- Data extracts -
======

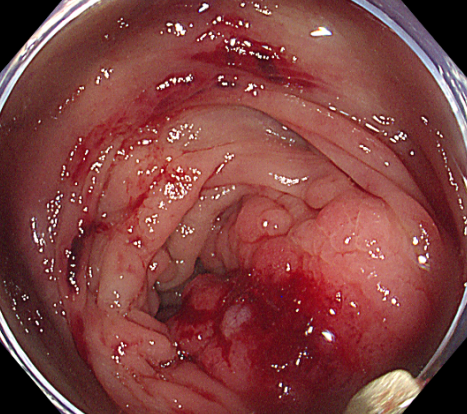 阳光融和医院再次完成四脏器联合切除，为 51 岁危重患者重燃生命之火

======

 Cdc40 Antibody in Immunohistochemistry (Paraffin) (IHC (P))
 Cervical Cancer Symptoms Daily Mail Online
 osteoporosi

======

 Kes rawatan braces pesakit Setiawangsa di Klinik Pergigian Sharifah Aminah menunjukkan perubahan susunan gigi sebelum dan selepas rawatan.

======

When you reach the line holding "Cervical Cancer Symptoms Daily Mail Online" in the records above, begin reproducing exactly, stop after the line holding "osteoporosi", and output nothing else.

 Cervical Cancer Symptoms Daily Mail Online
 osteoporosi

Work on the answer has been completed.